О чем? - переглянулись Клим с Анисимом.
- Откуда это, черт вас дери!
- Терем то? - пожал плечами Клим, - большое дело! Брошенный стоял за Кукуем, так мы разобрали, да перенесли.
- А прочее?
- А что прочее? Лесу кругом довольно, нарубили да поставили, невелика важность.
- Я думал, мои драбанты не имеют таких талантов.
- Да где там! Мы с князем Дмитрий Михалычем договорились, наши в караулах стояли, да ляхов кремле стращали одним видом своим, а Кузьма Минич нам за то трудников из посохи прислал. Да стрельцы Анисимовы пособили, их то слободы погорели вовсе, а в чистом поле зимовать несподручно. Вот так и сладили острог, и сухо, и тепло и от врага, если что отбиться.

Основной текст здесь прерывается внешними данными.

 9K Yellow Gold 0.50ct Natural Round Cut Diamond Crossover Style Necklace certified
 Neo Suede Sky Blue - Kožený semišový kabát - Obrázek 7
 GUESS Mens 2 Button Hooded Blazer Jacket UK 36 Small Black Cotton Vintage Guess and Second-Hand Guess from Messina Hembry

- Изрядно! А много ли серебра на сию затею извел?
- Да какое серебро, ваше высочество! Даже обидно, говорю же, драбанты отработали, да сами где топором, где теслом, вот и сладили.

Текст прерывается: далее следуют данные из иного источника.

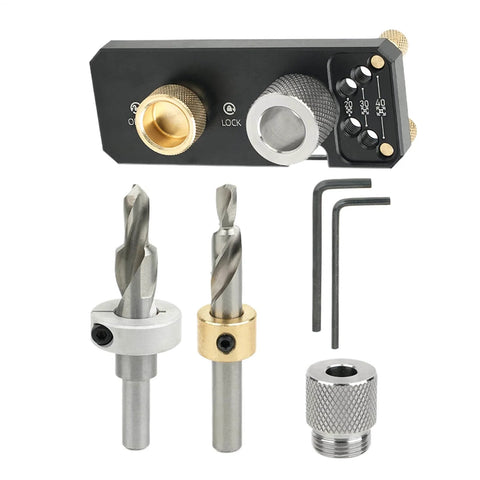 Rugged Aluminum Drill Guide For Frame Assemblies And Cabinet Joinery, Straight Bore Hole Positioner With Scale, Precision Drilling Jig, Go To Bench Mount Aid, Durable Anodized Tool For Cabinetry And Construction Tasks, showing parts included.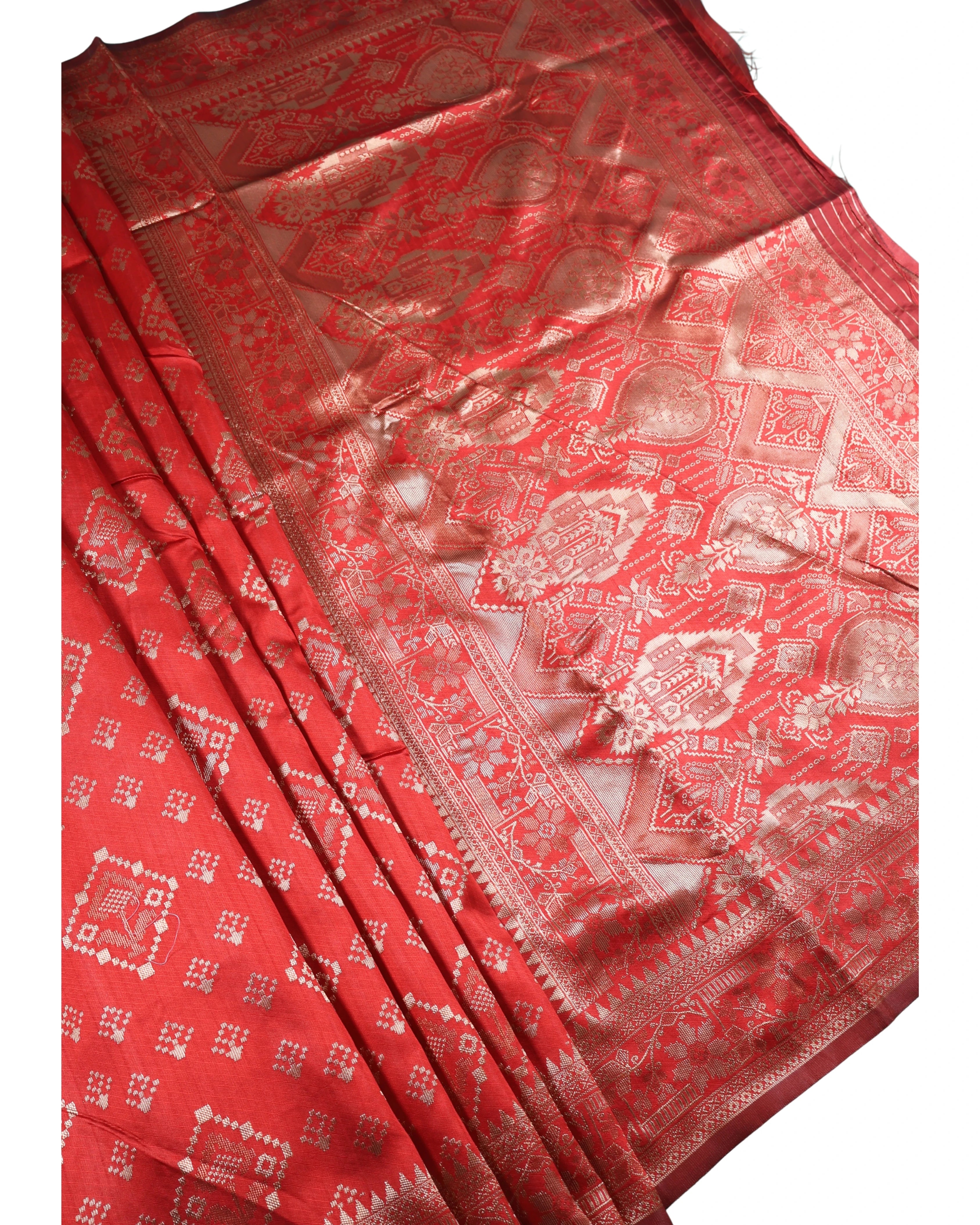 AMOLIKA Women's Banarasi Red Silk Saree With Unstitched Blouse Piece AM-1313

- Ну, коли так, то что скажешь? Молодец ты кругом Клим Патрикеевич, хвалю! Вот вернемся домой - проси чего хочешь за службу. А где...?
- Настасья с Ксенией? Известно где на женской половине все как у людей, только они сейчас на поварне полагаю, слуг ваших гоняют.
- Хорошо. Там с нами семья прибыла, старик, да его дочка с двумя девочками. Размести их, да к делу какому приставь. Их разбойники едва живота не лишили, пришлось с собой брать. Люди они вольные, а роду простого.
- Как скажете ваше высочество, - поклонился Рюмин и снова наполнил наши кубки.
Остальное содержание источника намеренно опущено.